プラネタリウムの少女(4)
2009.05.09 Saturday | category:なのはSS(その他)
◇
そして、星空が消えたあとも、ヴィータはしばらく椅子に深くを身を預けたままだった。
涙の跡をごしごしと拭って、もう何も映らないドームの天井を、半ば呆然と見上げる。
まだそこに、星空が見える気がした。はやての生まれた日の星空が。
――と、不意にドームの中に響く足音。ゆっくり首を回せば、天象儀の傍らにあった影が、静かに歩き始めていた。……あの、歌姫の少女。
またどこかへ行くのか。あるいは、もう居ない主を捜して。
ヴィータは立ち上がり、少女の後を追って歩き出す。
――自分がいったい、彼女に対して何が出来るというのだろう?
今にも朽ち果てそうな彼女がまだここにあるのは、きっとそれだけが希望だからなのだ。
ここにいれば、いつかまた主と会えるのではないかという――そんな絶望的な希望。
もう、彼女の主がここに戻ってくることはないと、誰の目にも明らかなのに。
彼女だけがそれを信じずに、ただずっと、思い出の場所で歌い続けている――。
それは不幸だろうか? それとも、どうしようもないほどの幸福なのだろうか?
解らない。ヴィータにはそんなことは解るはずもない、
そして、自分に何が出来るのかも――。
《本日のご来館、まことにありがとうござ、いました》
声。ノイズ混じりの音声に思わず身を竦める。もう一体の機械人形、ほしみがそこにいた。
軋んだ音をたてるボディが、ぎこちなくお辞儀をする。
《引き続きまして、館内展示を、ご覧になりますか?》
「いや――」
ヴィータは首を振る。歌姫の少女は既にドームから出ようとしていた。
《では、またのご来館を、お待ちしております――》
そう言って、ほしみはお辞儀をして――そのまま動こうとしなかった。
単にヴィータが出ていくのを待っているのか、機能を停止したのか、咄嗟に解らなかったけれど。

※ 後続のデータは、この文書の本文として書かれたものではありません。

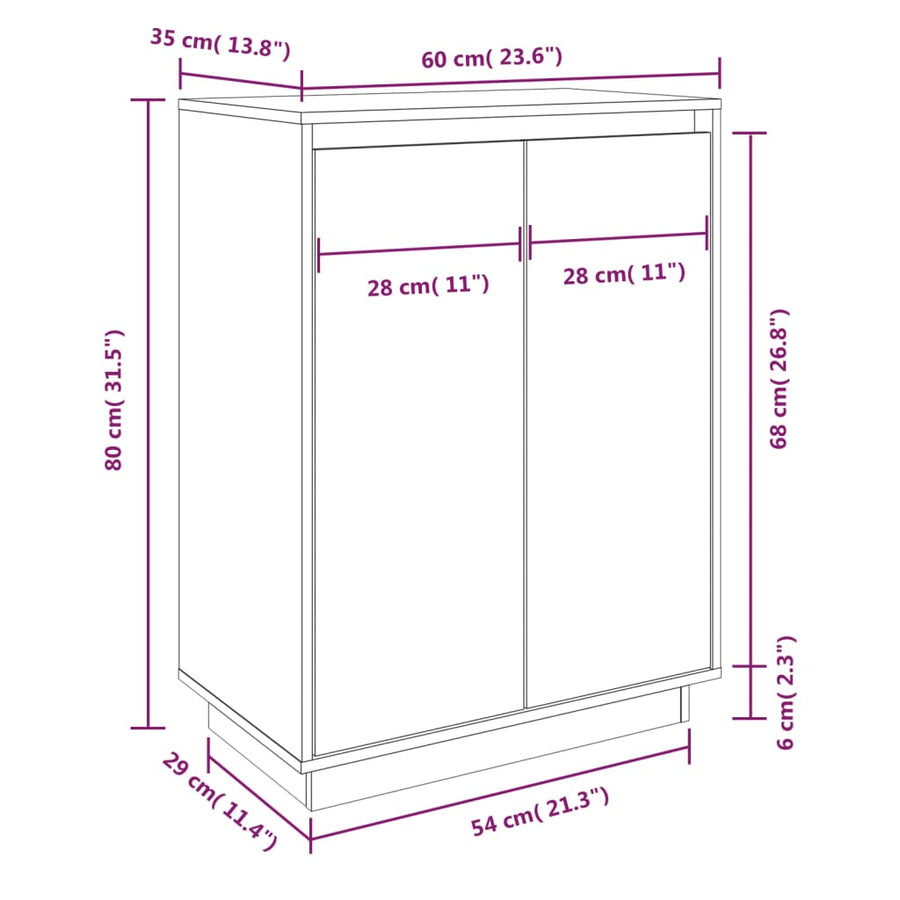 Shoe Cabinet White 60x35x80 cm Solid Wood Pine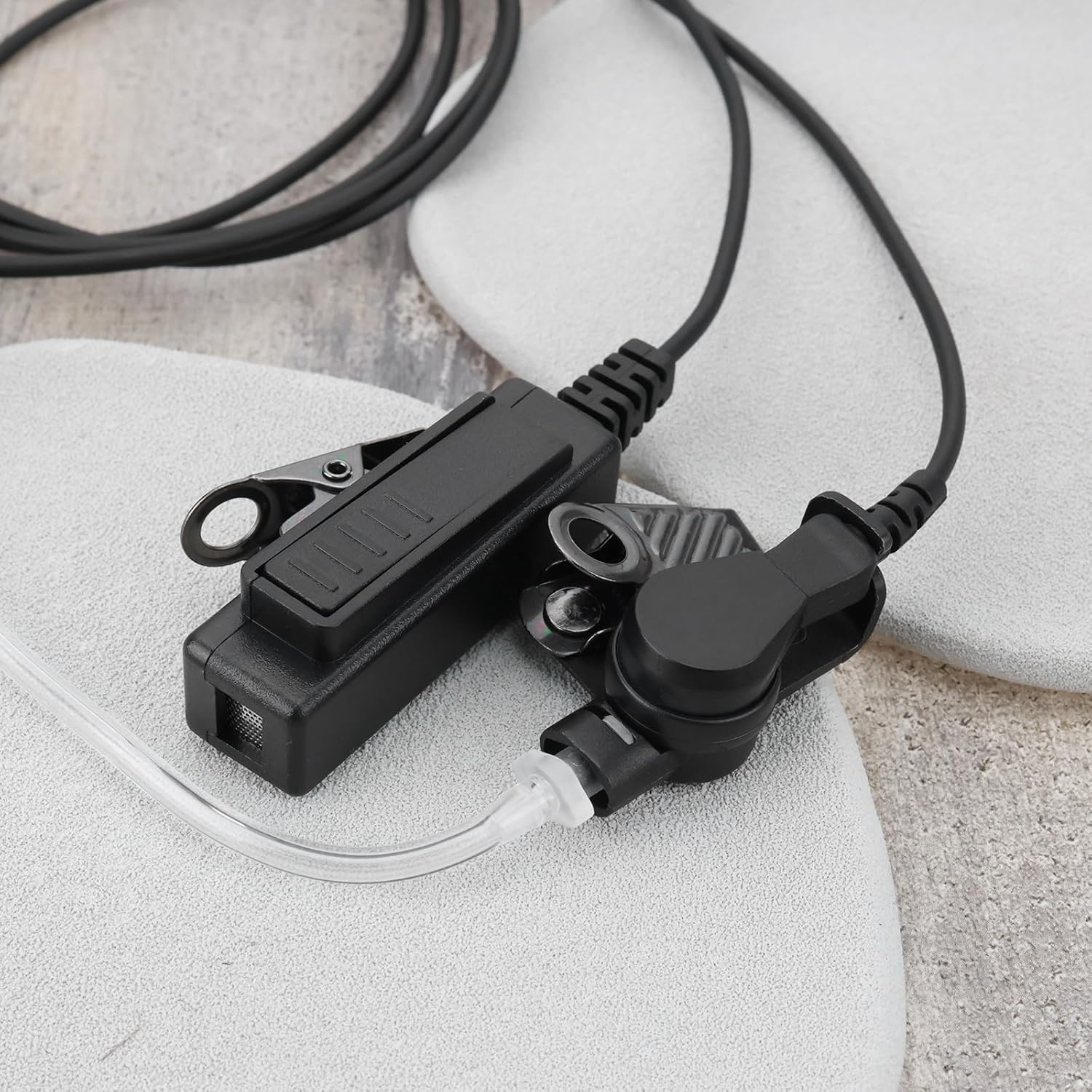 Emsea 1Pc Walkie Talkie Earpiece 2Pin Covert Acoustic Tube Earpiece with PTT Mic Compatible with Kenwood TK-3501 TK-3201 Compatible with Baofeng UV-5R BF-888S 80Cm image number 4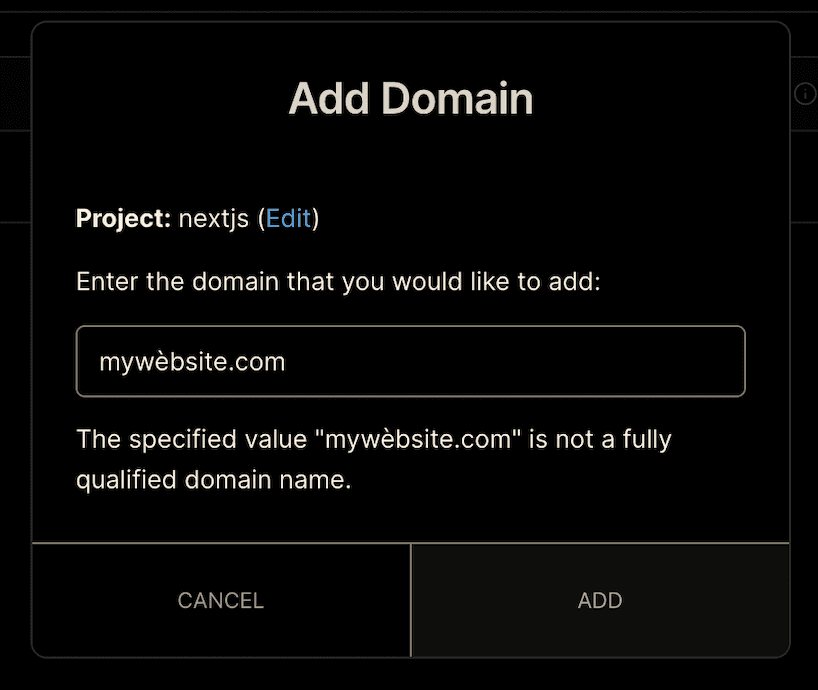 Error shown when adding a domain with unsupported Unicode characters.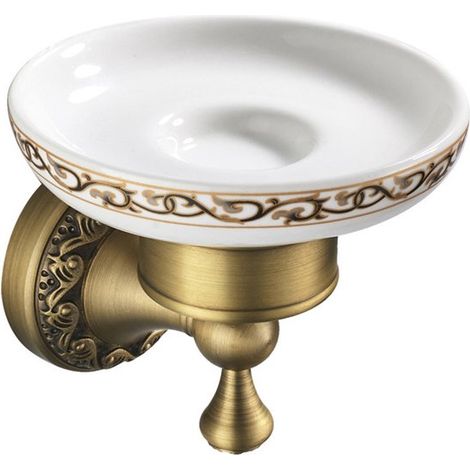 Porte-savon suspendu, porte-savon mural, style rétro, fixation par vis, pour douche, salle de bain ou cuisine, en métal, 10 x 11,7 cm, couleur laiton (1/5)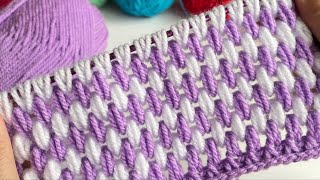 Beautiful Tunisian Crochet 💜🤍 Baby Blanket Idea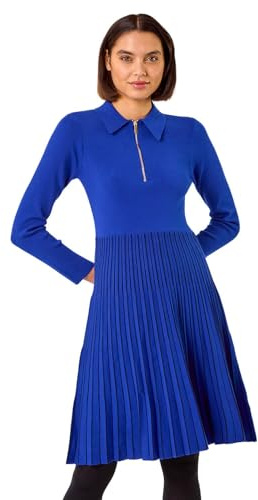 Roman Originals Zip Detail Knitted Dress for Women UK - Ladies Everyday Autumn Winter Round Neckline Comfy Soft Evening Vacation Work Party Night Out - Royal Blue - Size 18
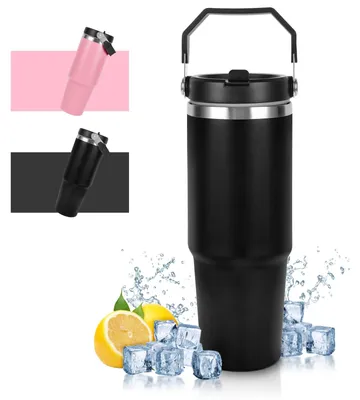 Isolierbecher 900 ml mit Strohhalm und Griff, Schwarz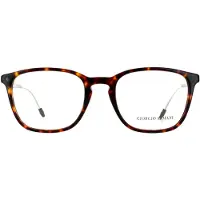 Giorgio Armani rechthoekige heren Dark Havana -bril Frames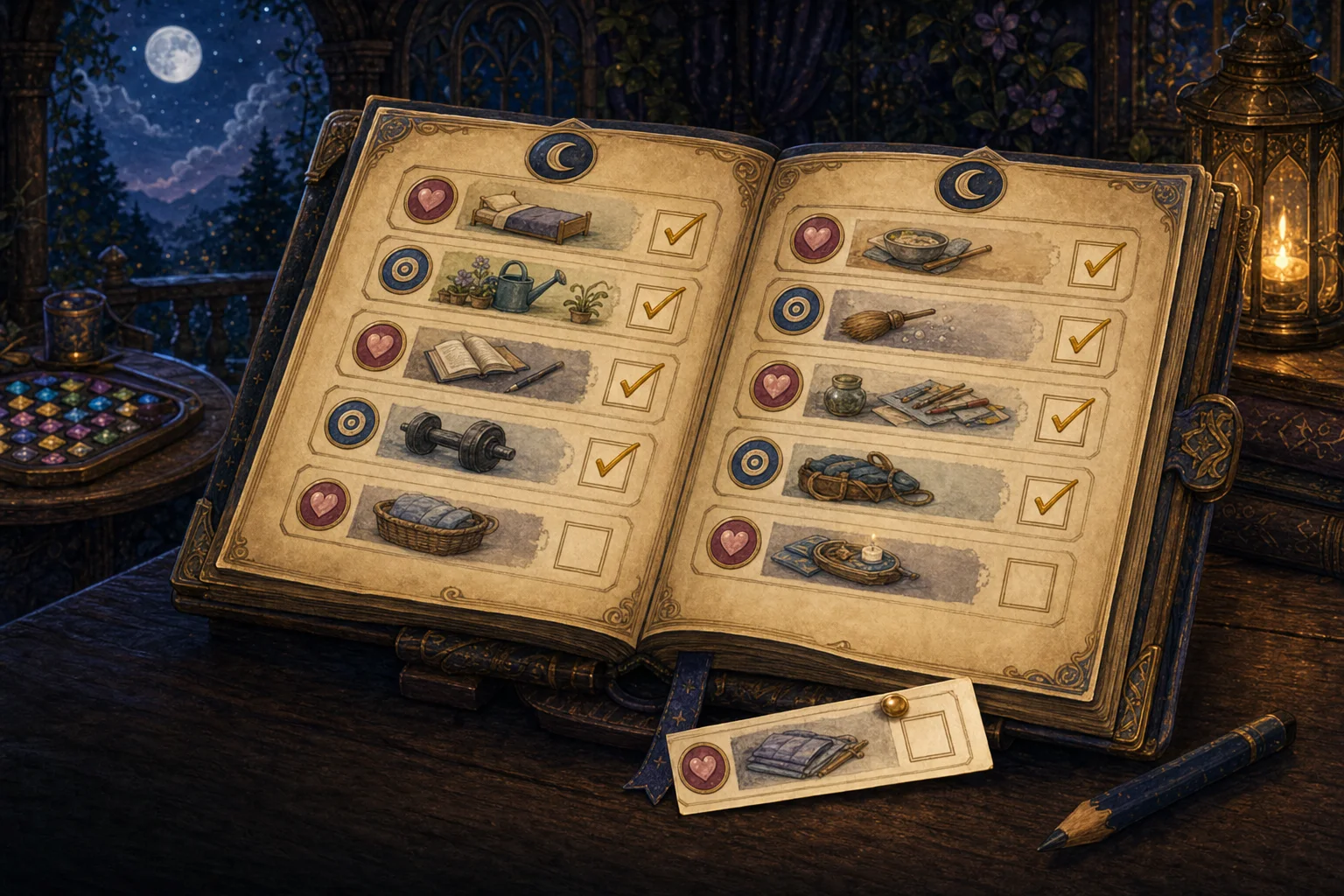 An illustrated quest chart with everyday task pictures, Heart and Focus markers, and completed checkmarks.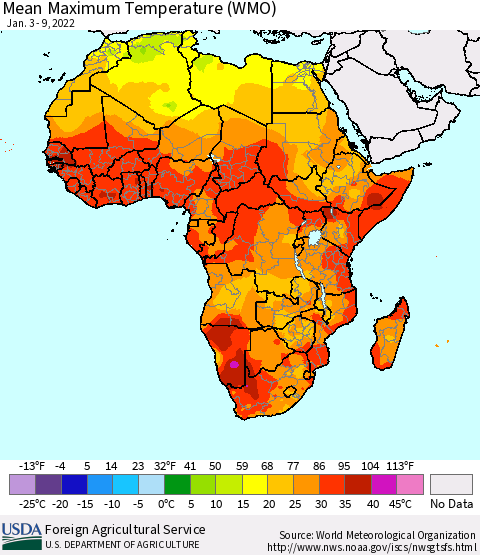 Africa Maximum Temperature (WMO) Thematic Map For 1/3/2022 - 1/9/2022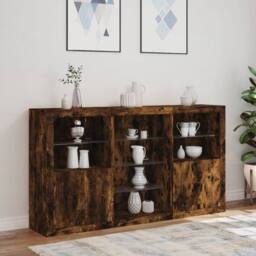 Berkfield Home Sideboard with LED Lights Smoked Oak 181.5x37x100 cm in Brown - thumbnail 4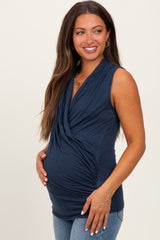 Navy Draped Crossover Maternity Sleeveless Top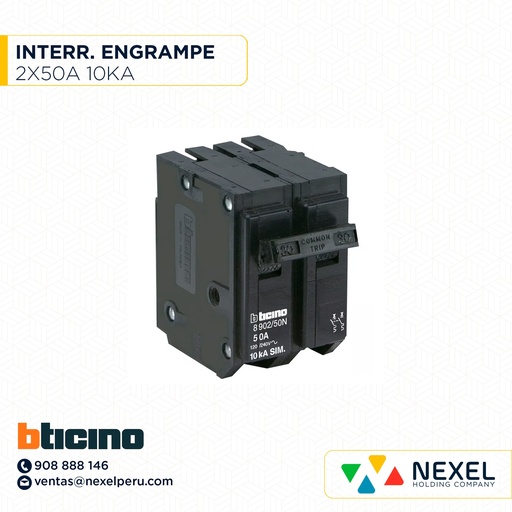 [G86226] INTERRUPTOR ENGRAMPE 2X50A 10KA BTICINO (OUTLET)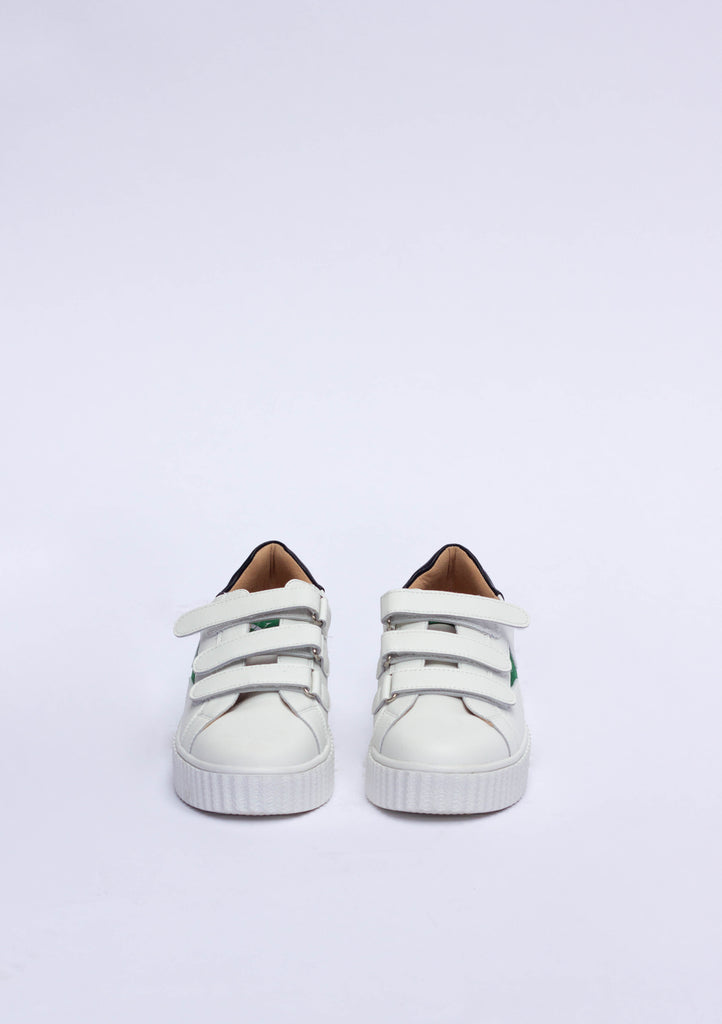 Leather Sneakers Green Lightning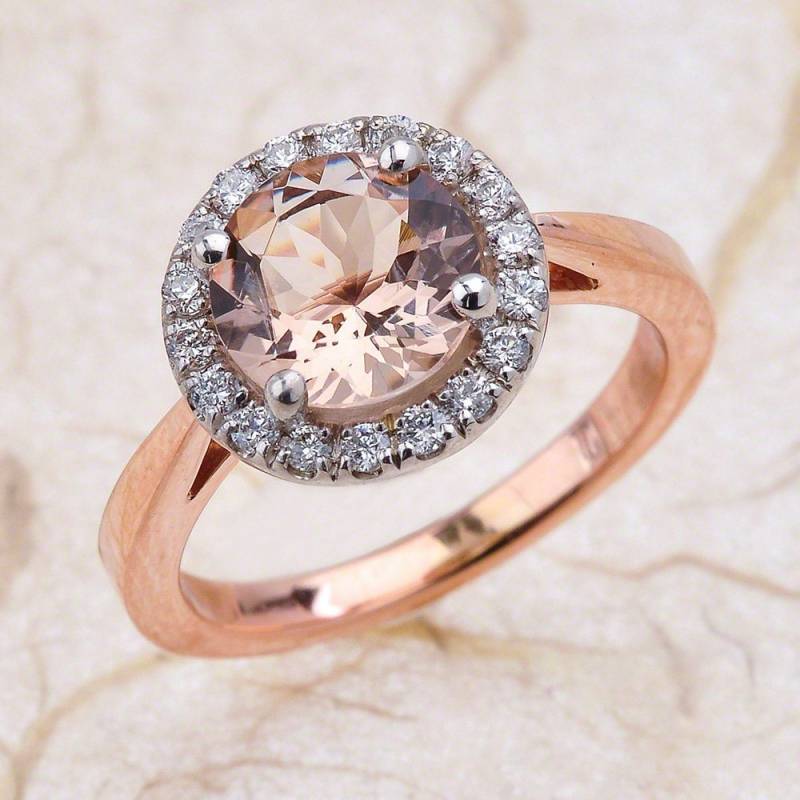 Morganit Verlobungsring/Rund Geschnitten Halo-Design Oktober November Birthstone Zwei-Ton-Einstellung von EJCOLLECTIONS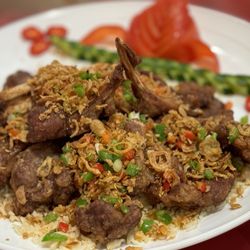 Prestige Catering Restaurant 千禧海鲜酒楼 - Lamb, a fragrant and aromatic meat dish in fried garlic/shallots.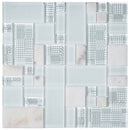 Pearl White 12x12 Polished Matte Textured Versailles Glass Stone Mosaic Tile (5 pack, 4.75 sq ft/case)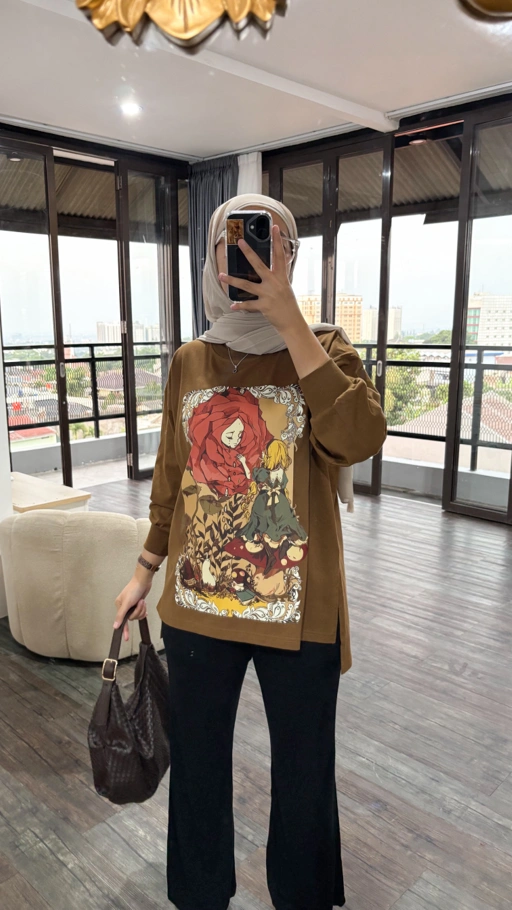 Image of Tshirt LS Brown Sad Flower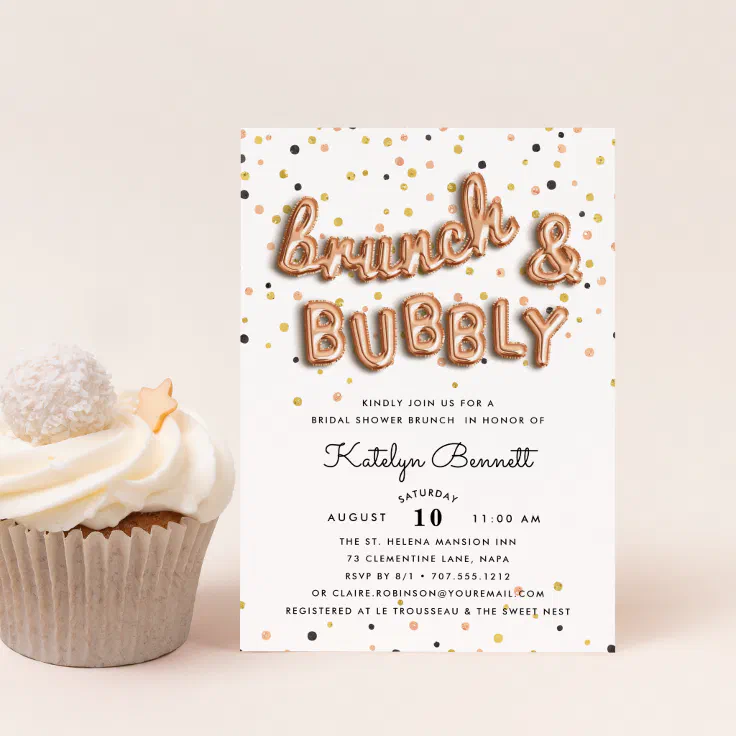 Rose Gold Brunch And Bubbly Bridal Shower Invitation Zazzle 6183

歌姫の少女がドームを出ていく。ヴィータは小走りに、その後を追った。
――ドームの中に、朽ちかけたガイドロイドは、そのままいつまでも佇んでいた。
そして少女は、昨日と同じように、吹雪の中に足を踏み出していた。
雪を掻き分け歩むその姿を、ヴィータはふわりと中空から見下ろし、追う。
――この少女が朽ちるまで見届ける時間など、今のヴィータにはあるはずもない。
はやてを救う。そのために蒐集をもっと急がなければならないのだから。
だけれども、今は。――この少女の元を、離れる気にはなれなかった。
少女はゆっくりと、雪の中を確かな足取りで進んでいく。廃墟と化した街並みを抜け、ゆるやかな坂を上り、――やがて、その坂道は小高い丘へと上る道に繋がっていた。
「…………あーっ、くそ、じれってぇなぁ!」
いい加減、雪に足を取られながらの少女の歩みに焦れたヴィータは、少女の元に降り立った。
「おい」
反応は無いだろう。そう思いながらも背中に声をかけると――思いがけず、少女は振り向いた。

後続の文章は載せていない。